Wenn es darum geht, durch Triage als pragmatischem Verfahren möglichst viele Menschenleben oder Lebensjahre zu retten, wäre es jedenfalls nicht sehr schlüssig, die ethische Trennlinie zwischen der Triage ex-ante und ex-post in dieser Schärfe zu ziehen, denn beide Verfahren orientieren sich am gleichen übergeordneten Ziel. Auch gibt es Hinweise, dass diese Unterscheidung bereits heute in der klinischen Praxis teilweise "verschwimmt", eine Abgrenzung in Reinform nicht immer möglich ist. Dennoch leuchtet es ein, dass das "Versagen" einer Behandlung anders wahrgenommen wird, als der "Abbruch" einer Behandlung, und zwar auch von denjenigen, die gezwungen sind, solche Entscheidungen zu treffen. Umso wichtiger finde ich es, sich mit diesen Fragen auseinanderzusetzen.
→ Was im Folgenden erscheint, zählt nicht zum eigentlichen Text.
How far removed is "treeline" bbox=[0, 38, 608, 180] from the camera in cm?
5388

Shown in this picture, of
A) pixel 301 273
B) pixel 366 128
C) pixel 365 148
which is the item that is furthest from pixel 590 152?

Ich persönlich bin mitten in diesem Prozess. Als Nicht-Medizinerin versuche ich, sowohl die Meinung von Juristen, Ethikern als auch von Ärzten nachzuvollziehen. So gibt es inzwischen auch Forderungen, Triage nicht als einmalige Entscheidung zu denken, sondern als einen ständig neu zu bewertenden Prozess. In diesem Fall wäre der Schweizer Vorschlag einer 48-Stunden Verlaufstriage möglicherweise für die Verantwortlichen ein sehr schwieriger, aber ein pragmatischer wie ethisch vertretbarer Weg.
Ich bin sicher, in diesen hochkomplexen Fragen wird es keine einfache Lösung geben. Insofern betrachten Sie meine Ausführungen bitte nicht als des Rätsels Lösung, sondern als aktuellen Einblick in meine derzeitigen Überlegungen.